Interior of the Painted Hall, Greenwich Hospital

Interior of the Painted Hall, Greenwich Hospital

January 6, 1838
Unknown maker
Engraving

Published in The Penny Magazine of the Society for the Diffusion of Useful Knowledge

The Royal Hospital for Seamen at Greenwich, a royal charity housing naval veterans, was founded in the late seventeenth century and built on a grand scale. In 1795, at the height of the French Revolutionary War, Captain William Locker suggested that Greenwich Hospital, as it was called, host a public gallery celebrating naval achievement. Thirty years later, this vision was carried out by his son Edward Hawke Locker, who proposed that the hospital’s Painted Hall“ could form an admirable Gallery for Pictures, Sculptures and other objects commemorative of the distinguished Exploits of the British Navy.” The resulting display combined gifts from the monarch with donations from naval officers’ descendants of portraits and marine paintings originally designed as domestic commemorative objects. Combined with Thornhill’s celebratory decorative scheme, these artworks became part of a statement on national maritime glory in the aftermath of the French wars.

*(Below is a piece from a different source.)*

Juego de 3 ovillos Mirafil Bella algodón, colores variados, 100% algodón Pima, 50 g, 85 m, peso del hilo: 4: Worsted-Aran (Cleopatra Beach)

The article accompanying this engraving addressed the apparent mismatch between these maimed bodies of the veterans, known as Greenwich Pensioners, who  served as guides in the gallery, and the elaborate architectural spaces they occupied: “The appearance of these veterans,—some without a leg or arm, others hobbling from the infirmities of wounds or years, and all clothed in old-fashioned blue coats or breeches with cocked hats,—would oddly contrast with the splendor of the buildings which they inhabit, did not the recollection that these men were amongst the noblest defenders of their country, give a dignity to the objects that everywhere present themselves.”